Karena itu, bukan hanya kalangan Muhammadiyah yang dituntut untuk mendorong kemajuan ekonomi, tetapi juga kita semua. Hanya saja, sebagai organisasi sosial kemasyarakatan yang besar dan berpengaruh, Muhammadiyah bisa memainkan peran yang lebih besar guna mendorong kesadaran bersama masyarakat untuk ikut membantu pembangunan ekonomi bangsa ini.

Harapan itu tentu tidaklah berlebihan karena Muhammadiyah mempunyai sejarah untuk itu. Melalui Sarikat Dagang Islam, KH Samanhudi mengajarkan bahwa berdagang, melakukan kegiatan ekonomi, tidaklah bertentangan dengan agama. Justru agama bisa memperkuat basis untuk membuat kita mampu melakukan bisnis dengan cara yang beretika.

Dalam perkembangannya banyak orang Muhammadiyah yang memberikan kontribusi bagi kemajuan bangsa ini. Bahkan fokusnya tidak hanya di bidang ekonomi, bisnis, dan perdagangan, tetapi juga pendidikan dan kesehatan.

Sekarang tantangannya memang sangat berbeda. Globalisasi membuat dunia begitu terbuka dan bahkan dalam bidang bisnis tidak lagi dikenal adanya batas negara. Semua bangsa dan negara berlomba untuk bisa memanfaatkan kesempatan itu. Mereka yang terlambat melakukan penyesuaian tidak akan mendapatkan manfaat apa-apa.

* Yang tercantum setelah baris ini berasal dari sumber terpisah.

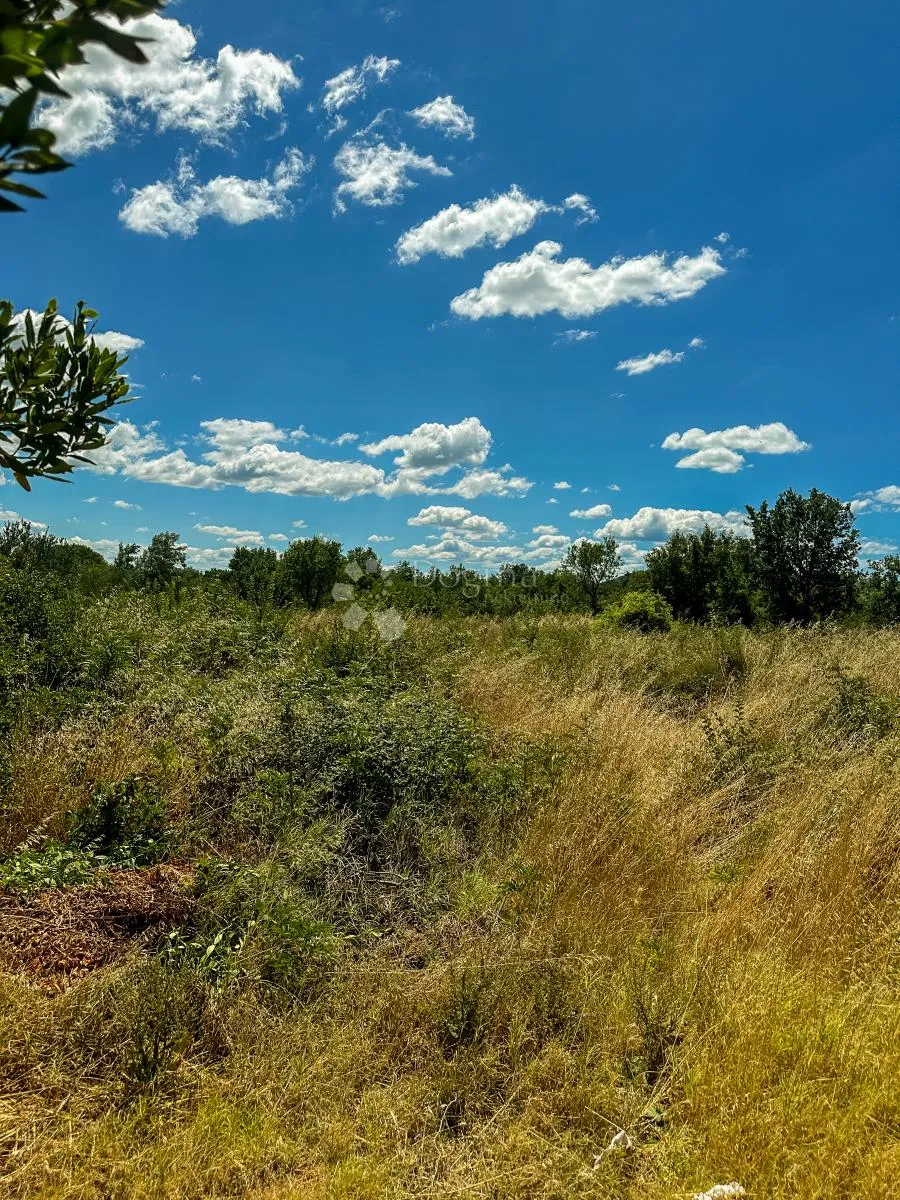polača; biograd n/m, atraktivno građevinsko zemljište 818 m2 - slika 2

Kita lihat bersama, negeri yang sebelumnya begitu tertutup, seperti China, kini benar-benar terbuka. Sistem politik mereka boleh saja tetap tertutup, tetapi ekonomi mereka dikelola secara terbuka.

Suka tidak suka kita harus terima kenyataan itu. Karena itulah membangun jiwa wirausaha menjadi makin relevan untuk didorong karena tidak mungkin kita bisa memanfaatkan globalisasi kalau tidak diimbangi dengan kemampuan mencium kesempatan bisnis.

Sekarang ini, karena kepekaan bisnis yang rendah, kita lalu menjadi tertutup. Kita tidak mau melihat kenyataan yang ada dan melihat perkembangan di luar. Akibatnya, kita sering terjebak pada nasionalisme sempit.

Kita tidak menganjurkan agar kita terbuka selebarlebarnya dan bahkan menjadi liberal, tetapi menyesuaikan arah pembangunan kita sesuai dengan kecenderungan yang terjadi dunia. Bukan sebaliknya, kita malah melawan arus besar yang sedang terjadi.

Ada istilah yang mungkin lebih tepat untuk kita usung dalam membangun bangsa dan negara kita tercinta ini. Kita tetap mengobarkan semangat 45, tetapi dalam konteks tantangan abad ke-21 atau abad keterbukaan.

Inilah tantangan bersama yang harus bisa kita jawab. Hanya dengan itulah kita akan bisa menjadi bangsa besar di antara bangsa-bangsa dunia.